[DIRECTIONS FOR THIS TASK]: Find each line of the material below in which the word "Pool" occurs, and return it.

[STORED DATA]:
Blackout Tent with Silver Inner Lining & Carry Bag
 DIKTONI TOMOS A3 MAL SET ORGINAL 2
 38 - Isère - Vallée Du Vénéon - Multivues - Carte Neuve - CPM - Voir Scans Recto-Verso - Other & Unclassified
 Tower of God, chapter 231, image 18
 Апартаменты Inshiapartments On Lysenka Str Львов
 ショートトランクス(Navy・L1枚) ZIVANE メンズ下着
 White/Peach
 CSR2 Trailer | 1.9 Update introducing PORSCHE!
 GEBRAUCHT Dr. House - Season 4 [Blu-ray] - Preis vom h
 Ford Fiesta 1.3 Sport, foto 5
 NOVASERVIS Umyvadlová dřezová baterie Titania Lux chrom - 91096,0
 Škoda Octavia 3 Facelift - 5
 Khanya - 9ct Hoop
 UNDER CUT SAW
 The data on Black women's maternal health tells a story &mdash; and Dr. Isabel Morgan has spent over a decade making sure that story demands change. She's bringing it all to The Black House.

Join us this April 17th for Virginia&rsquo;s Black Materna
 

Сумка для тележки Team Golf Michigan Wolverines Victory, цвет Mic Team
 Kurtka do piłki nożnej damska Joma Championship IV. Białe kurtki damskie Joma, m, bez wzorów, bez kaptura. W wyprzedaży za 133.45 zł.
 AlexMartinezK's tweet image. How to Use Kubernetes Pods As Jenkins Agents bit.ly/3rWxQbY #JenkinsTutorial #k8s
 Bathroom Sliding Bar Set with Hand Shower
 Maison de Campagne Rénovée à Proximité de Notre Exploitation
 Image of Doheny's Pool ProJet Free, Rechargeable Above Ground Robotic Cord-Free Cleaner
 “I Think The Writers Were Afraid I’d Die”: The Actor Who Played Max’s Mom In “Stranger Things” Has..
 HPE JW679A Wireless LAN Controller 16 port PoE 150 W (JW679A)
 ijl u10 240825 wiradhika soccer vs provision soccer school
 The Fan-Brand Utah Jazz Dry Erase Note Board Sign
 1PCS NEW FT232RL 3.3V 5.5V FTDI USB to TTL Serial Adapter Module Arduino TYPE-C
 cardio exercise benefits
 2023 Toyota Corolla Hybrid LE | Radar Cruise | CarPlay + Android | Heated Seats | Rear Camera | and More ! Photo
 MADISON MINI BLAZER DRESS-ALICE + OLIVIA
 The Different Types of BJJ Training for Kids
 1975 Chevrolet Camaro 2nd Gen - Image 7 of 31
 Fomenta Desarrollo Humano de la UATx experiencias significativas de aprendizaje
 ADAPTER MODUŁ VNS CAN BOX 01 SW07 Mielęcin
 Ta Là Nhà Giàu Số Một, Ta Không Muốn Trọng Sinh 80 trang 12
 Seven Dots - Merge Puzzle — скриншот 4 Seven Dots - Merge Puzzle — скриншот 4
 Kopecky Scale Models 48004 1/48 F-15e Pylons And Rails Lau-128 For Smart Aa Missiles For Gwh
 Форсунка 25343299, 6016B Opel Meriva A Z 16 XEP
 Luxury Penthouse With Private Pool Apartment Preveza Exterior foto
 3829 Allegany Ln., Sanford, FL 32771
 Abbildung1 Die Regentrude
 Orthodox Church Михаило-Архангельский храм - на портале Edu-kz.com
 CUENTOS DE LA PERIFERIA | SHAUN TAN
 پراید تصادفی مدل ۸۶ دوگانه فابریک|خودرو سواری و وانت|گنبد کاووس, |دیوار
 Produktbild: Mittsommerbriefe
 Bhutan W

[PROBLEM SOLUTION]:
 Image of Doheny's Pool ProJet Free, Rechargeable Above Ground Robotic Cord-Free Cleaner
 Luxury Penthouse With Private Pool Apartment Preveza Exterior foto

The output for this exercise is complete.